> _YOUR OBJECTIVE_:
Copy, word for word, the lines below from the one containing "PlayStation 5 med" up to and including the one containing "Apartment With Pool", with pictures left out.

> _EXERCISE INPUTS_:
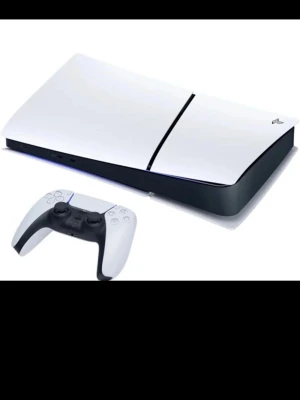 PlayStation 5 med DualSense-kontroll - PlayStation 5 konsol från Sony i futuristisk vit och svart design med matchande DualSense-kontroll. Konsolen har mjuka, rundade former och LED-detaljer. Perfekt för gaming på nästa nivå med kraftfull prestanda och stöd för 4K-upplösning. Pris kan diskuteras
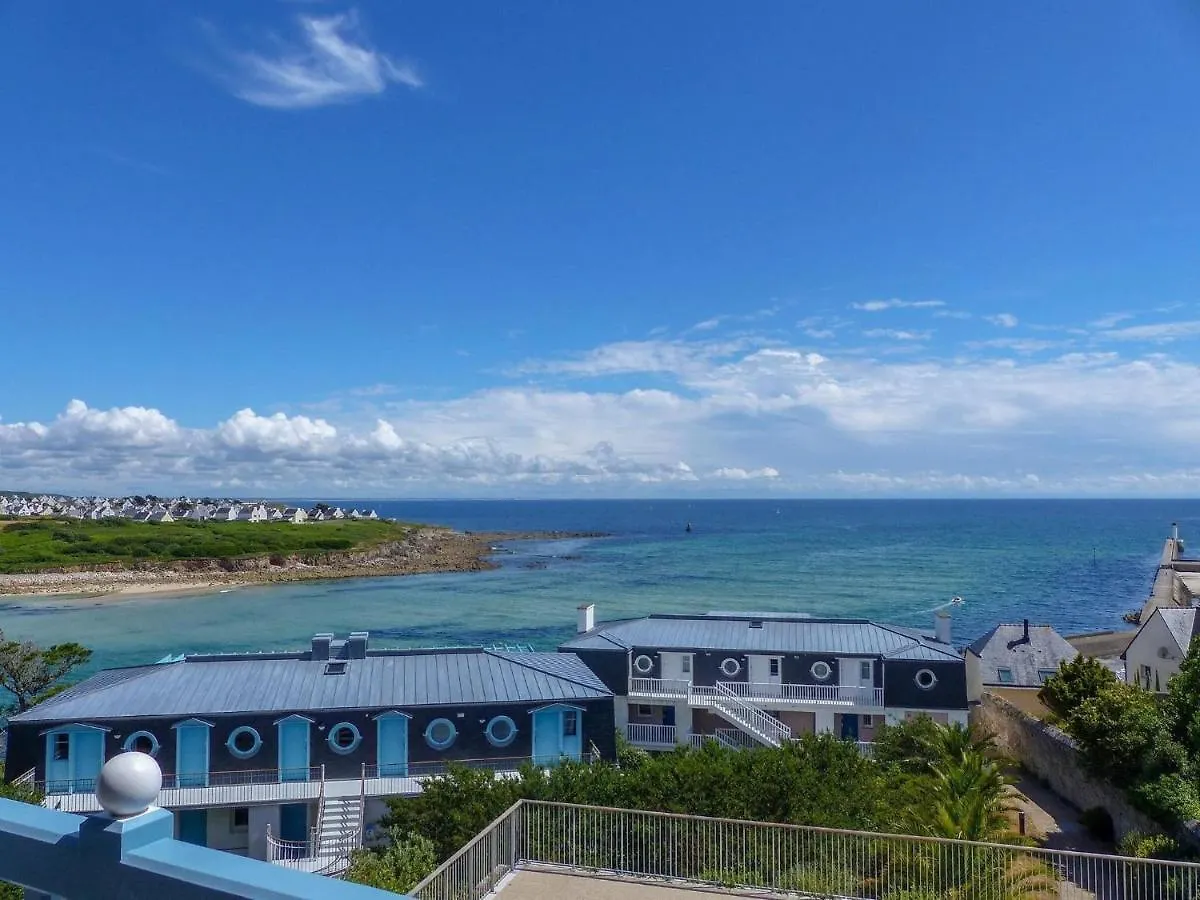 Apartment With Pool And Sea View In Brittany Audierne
* * *
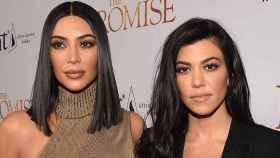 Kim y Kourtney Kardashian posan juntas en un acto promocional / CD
==
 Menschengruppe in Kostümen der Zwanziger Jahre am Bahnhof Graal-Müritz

> _SOLUTION TO THIS TASK_:
 PlayStation 5 med DualSense-kontroll - PlayStation 5 konsol från Sony i futuristisk vit och svart design med matchande DualSense-kontroll. Konsolen har mjuka, rundade former och LED-detaljer. Perfekt för gaming på nästa nivå med kraftfull prestanda och stöd för 4K-upplösning. Pris kan diskuteras
 Apartment With Pool And Sea View In Brittany Audierne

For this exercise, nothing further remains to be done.